In general, it is possible for picks to occur even in zone defenses. That said, it is not a pick (at least, not one I would let go uncontested) in the situation you've described.

That is because, in this description, the movements of the offense did not *cause* an obstruction that *needed* avoidance. Really, what happened is that a changing situation motivated the defender to take a new position relative to Player B. Player A happened to cross a path that the defender suddenly wanted to take for that purpose. That is not in itself a pick. The defender was not reacting to Player B at the time (i.e., "guarding"), but to a situation.

The dual test we must administer is:
(i) was an obstruction *caused* by the *movements* of the offense
(as opposed to circumstances, or decisions by the defense)


(ii) was avoidance of the obstruction *needed*

Now, if Player B also cut somewhere at the same time, and the defender understandably needed to react (see definition -- guarding), and Player A was in the way of that obvious reaction (necessitating an "avoidance"), then you could call a pick. Those are the circumstances wherein picks occur in zones -- in those windows during which defenders are briefly playing man-to-man.

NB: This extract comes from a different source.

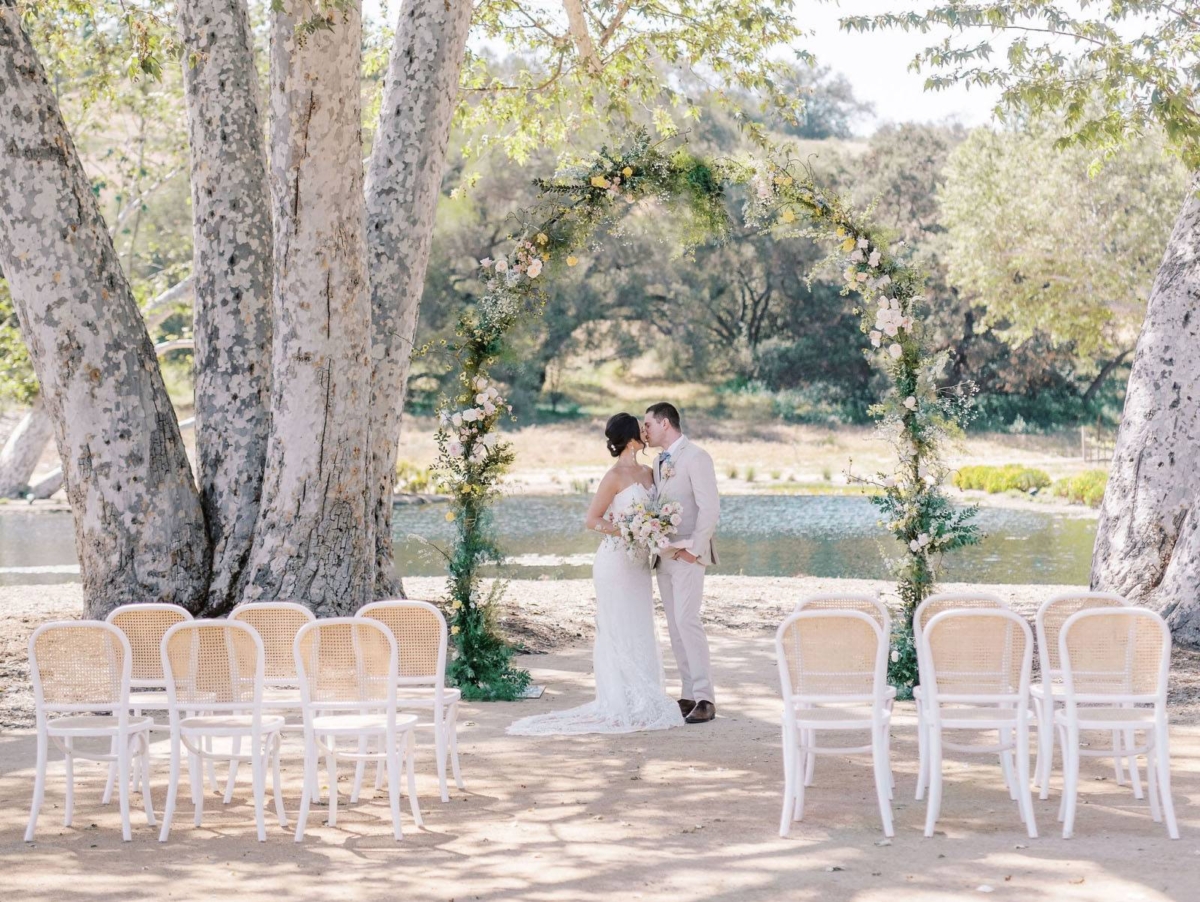 Romantic spring Vineyard Editorial In beautiful San Diego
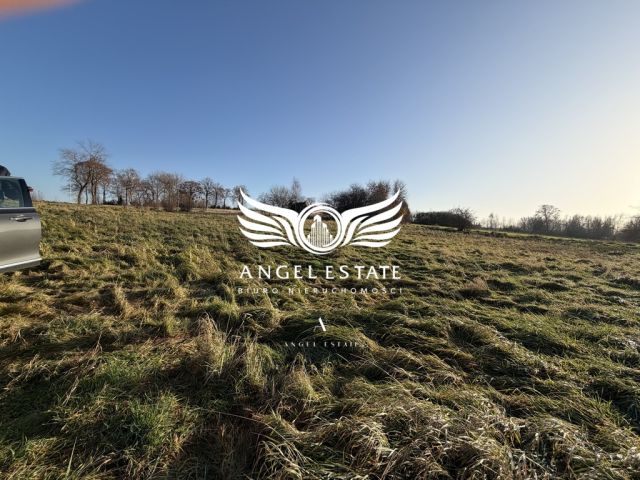 Działka rolna Mirosławice. Zdjęcie 3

However, the fact that it was not a pick does not preclude the possibility that it was a blocking foul. That is a different question altogether, though.

If the path to B was already obstructed before the defender decides to switch targets, does that change anything?

Technically, no -- but the small subset of circumstances under which I could envision this being a pick just shrank. It matters entirely on what Player B is doing and whether the defender is reacting rationally.

can a defender playing in a zone defence (or even man?) be considered to be "guarding" more than one player at a time?

Technically, yes -- there is no limit to the number of people a given defender can guard. The hard part is persuading an audience afterward that you were guarding as many people as you claim in the fleeting moments during which that fact was relevant.

I would like to add here that the pick rule is especially subjective in its application. I would rarely categorically say something "is a pick" or "is not a pick." It is really a question of how readily I would assent to calling it or how vigorously I would contest it.